Magia and Gender
Magia is currently being translated into Portugeuse, and my friend translating the text asked a pertinent question:
Portuguese is a gendered language. As you may know, in gendered languages the "male" or "masculine" is used as neutral, and this fact reflects social and cultural aspects of a patriarchal system. God is always "him" because the noun is always "male". It seems to me that Aion is ungendered, right?
And further:
When you write "men and women of Alabaster", do you think I can say in Portuguese something in terms of "all the people", or "all the persons", or "all the human beings" of Alabaster? This is a related question because we have all this discussion today about gender and non-binarism, and I think not only magic but also your work talks to each and everyone regardless.

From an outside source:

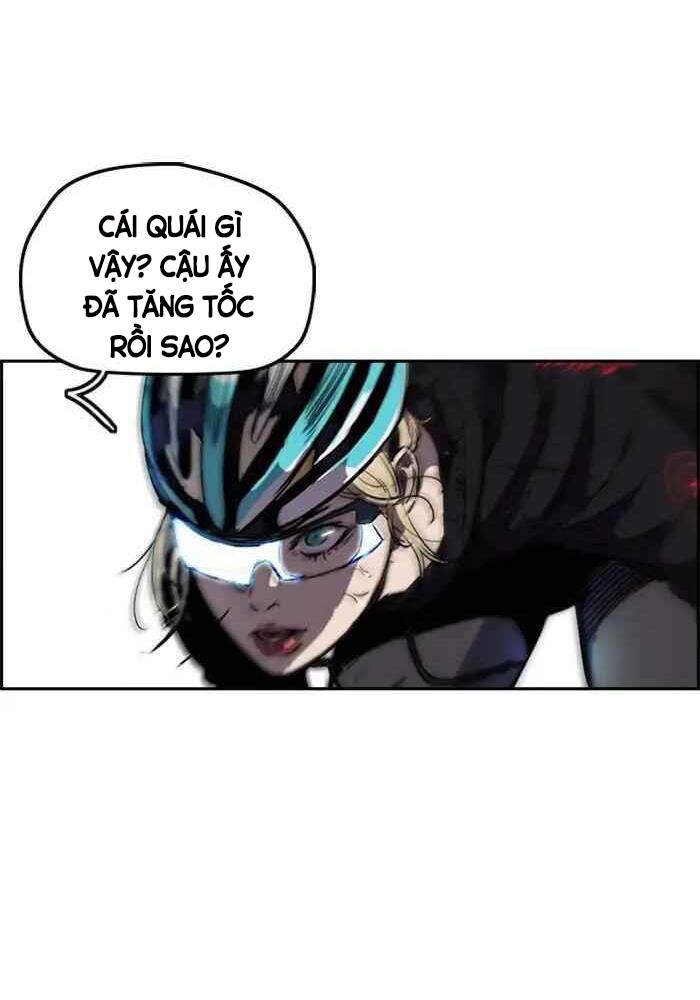 Thể Thao Cực Hạn Chap 208 - Next Chap 209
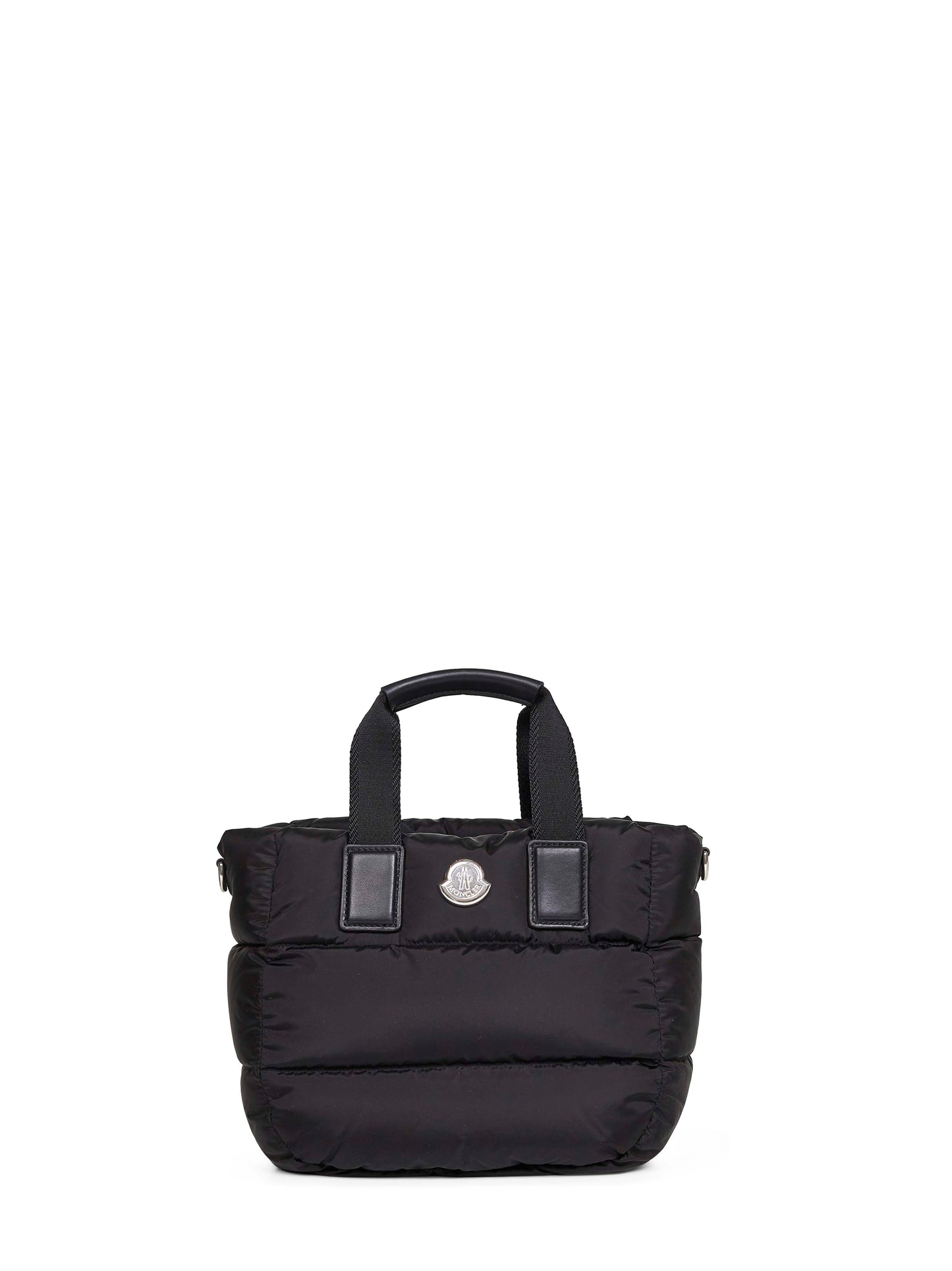 Black Caradoc Mini tote bag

I thought my response was worth sharing, because I have no idea how well I have communicated on this issue in the past.
Disclosure comes first
In the first instance, Aion must be allowed to disclose his own nature, same with the Goddess. Who are we to decide their identities?
Similarly, we must also allow the teaching to disclose its own nature - or are we to take the attitude we already know what it means? (Which renders the teaching pointless.)
Aion has disclosed his own nature first as 'I' and 'we', but secondly as male and father. He is Speech. Also the Sun.
The Goddess has disclosed her own nature as female and mother. She is Silence, the Moon, and is hidden in Aion's name in the Holy of Holies. Saying his name is how we honour her. (Everyone always wants her name, but she is not to be possessed in that way.)
If we un-gender Aion, She is erased.
I can understand the impulse to make Aion ungendered because gender isn’t an issue with God, but to un-gender Aion is to make gender an issue for him, which he has not done.
Why is Aion the true name for God? Because the fact God is a plurality (so everyone - whether they recognise it or not - is in one sense analogically male in a specific relationship) seems to be the salient aspect.
Analogical relationship, not personal identity
The God and Goddess are father and mother, and the name Aion is a way of understanding a family structure or 'formula' for creation (and so initiation, which is really just completing the circle of creation).
Being principally concerned with creation, we cannot escape the reality of sex: vaginas/wombs/eggs (female) and penises/sperm (male). (This formula is explained in-depth in the magical castle videos.) This isn't a political or social instruction, but an analogical symbolism that anyone can apply to themselves to understand a specific relationship between (ultimately) their own parts.
I do not need to be currently combusting to understand ‘awakening is a fire’. I do not need bees to share my specific sex, gender, race, orientation, etc. in order to understand bee social relationships. This is the correct attitude to approach understanding our relationship analogically with the God and Goddess (or anything else we would use analogy for).
What are the sexual analogies for the God and Goddess?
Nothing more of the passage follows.